An svg-only number that measures SVG rendering performance. About half of the tests are animations or iterations of rendering. This ASAP test (tsvgx) iterates in unlimited frame-rate mode thus reflecting the maximum rendering throughput of each test. The reported value is the page load time, or, for animations/iterations – overall duration the sequence/animation took to complete. Lower values are better.
1200 (start of period) – 7200 (end of period).
Introduced in September; the regression of Nov 27 is tracked in bug 944429.
Generic page load test. Lower values are better.
700 (start of period) – 700 (end of period).
This version of tp4m was introduced in September; no significant changes here.
Startup performance test. Lower values are better.
4300 (start of period) – 4300 (end of period)
Introduced in September; there are no significant regressions here, but there is a lot of variability, possibly related to the frequent test failures — see bug 781107.
Throbber Start / Throbber Stop
These graphs are taken from http://phonedash.mozilla.org. Browser startup performance is measured on real phones (a variety of popular devices).
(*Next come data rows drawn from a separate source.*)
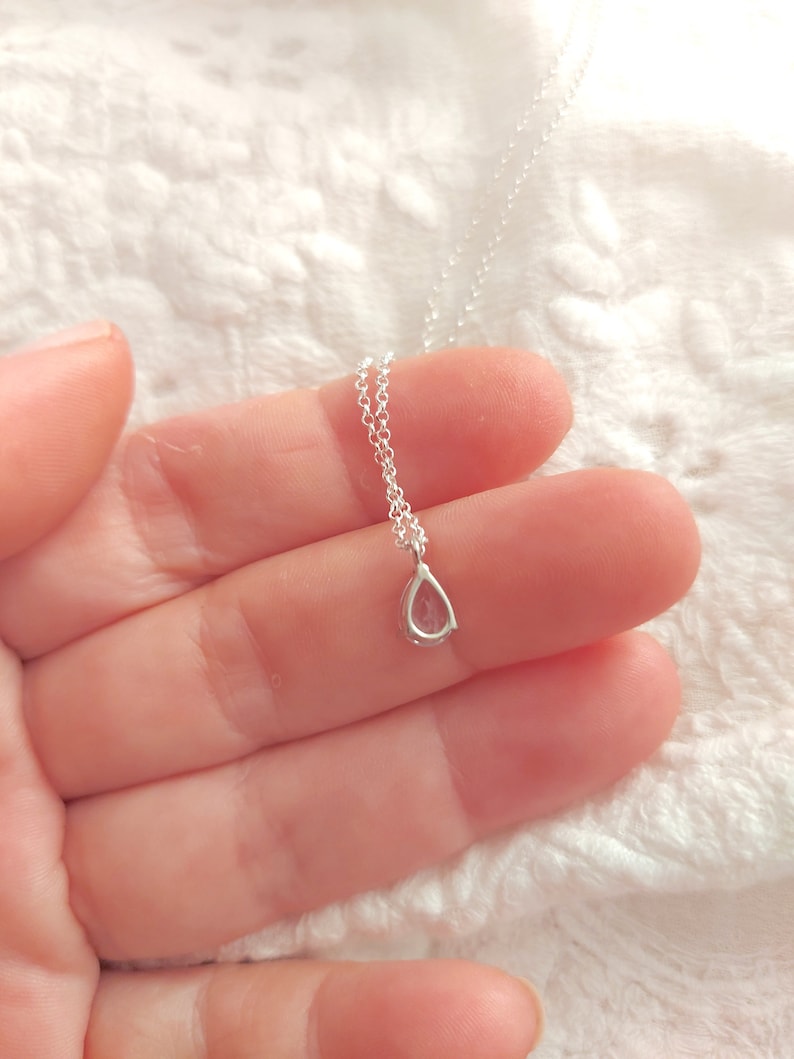 May include: A delicate silver chain necklace with a small teardrop-shaped pendant. The pendant is clear and has a subtle sparkle.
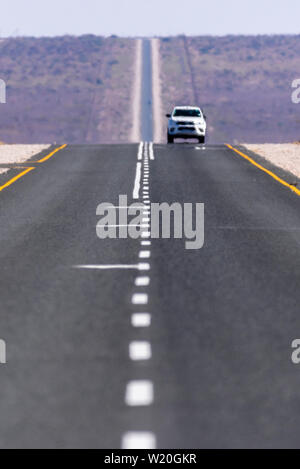 White Toyoya Hilux pick-up truck guidando lungo una retta molto e a lungo su strada asfaltata attraverso il deserto del Kalahari, Namibia Foto Stock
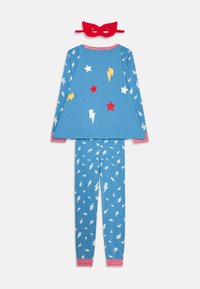 Pijamas de niño de manga larga azul con estrellas rojas y blancas y relámpagos amarillos, pantalones a juego y una máscara de superhéroe de tela roja.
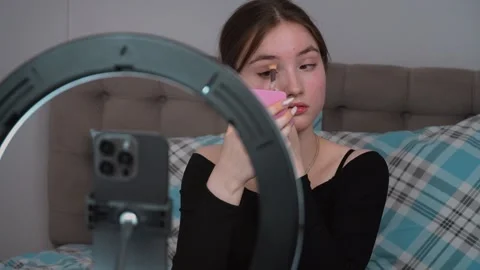 Influencer applying makeup with ring light and mirror Vidéo 311781713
“Time to throbber start” measures the time from process launch to the start of the throbber animation. Smaller values are better.
There is so much data here, it is hard to see what is happening, but a troubling upward trend over the year is evident.
“Time to throbber stop” measures the time from process launch to the end of the throbber animation. Smaller values are better.
Again, there is a lot of data here. Here’s another graph that hides the data for all but a few devices:
Evidently we have lost a lot of ground over the year, with an increase in “time to throbber stop” of nearly 80% for some devices.
These graphs are taken from http://eideticker.mozilla.org. Eideticker is a performance harness that measures user perceived performance of web browsers by video capturing them in action and subsequently running image analysis on the raw result.
More info at: https://wiki.mozilla.org/Project_Eideticker
Eideticker confirms that startup time has regressed over the year:
Most checkerboarding and frame rate measurements have been steady, or show slight improvement:
Responsiveness — a new measurement added this year — is similarly steady with slight improvement:
See https://www.areweslimyet.com/mobile/ for content and background information.
There is an upward trend here for many of the measurements, but what I find striking is how often we have managed to keep these numbers stable while adding new features.